Solid Gold Smiths…

Reading about prices in the S&W forum… ye gods! The prices are getting insane for some of these guns. You’d need to be wealthy to get into collecting S&W revolvers these days! I suppose it’s not too surprising given that S&W wants $700+ for a basic, plain-Jane new Model 10! But a four-screw K22 going for over $6000 at auction? Wow.

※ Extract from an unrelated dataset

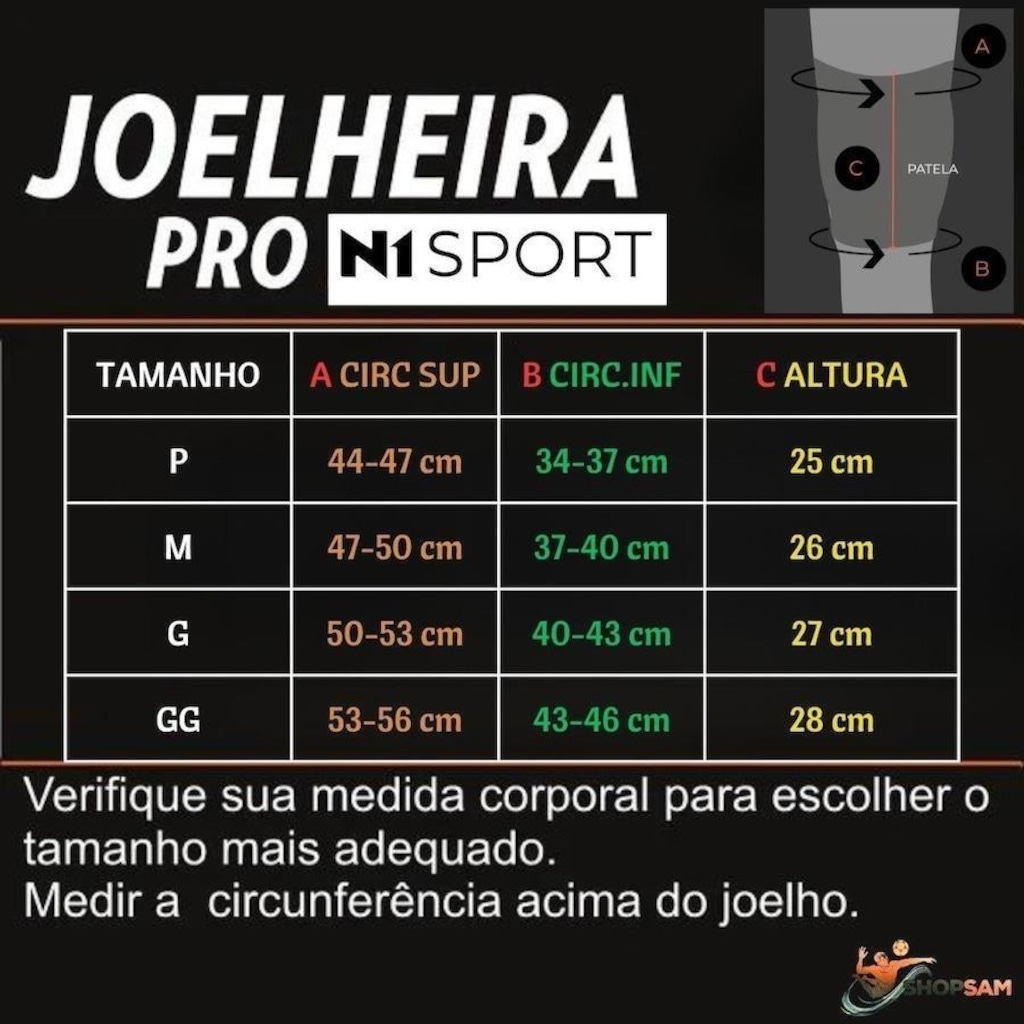 Imagem 5 do produto Kit Joelheira Volêi N1 Sport + Protetor Antebraço Manguito - Adulto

My interest in S&W revolvers re-ignited when Linda bought me a pair of top-breaks last summer, one in .32 S&W and one in .38 S&W (dated about 1884…) These are double-action spur-hammer guns and she got the pair for about $225. In the past almost every gun store around here had a top-break or two languishing in their case. Generally these were ‘lesser’ brands of suspect quality and were quite cheap. Like most people I never gave them a second thought,  but I was impressed with the silky-smooth triggers and overall mechanical quality of these S&Ws. The were worlds and away better than the offerings of Ivor Johnson, US Revolver and others I was used to seeing. Checking around I discovered that while stocks in the stores had largely dried up S&W top-breaks were readily available and often quite reasonably priced online.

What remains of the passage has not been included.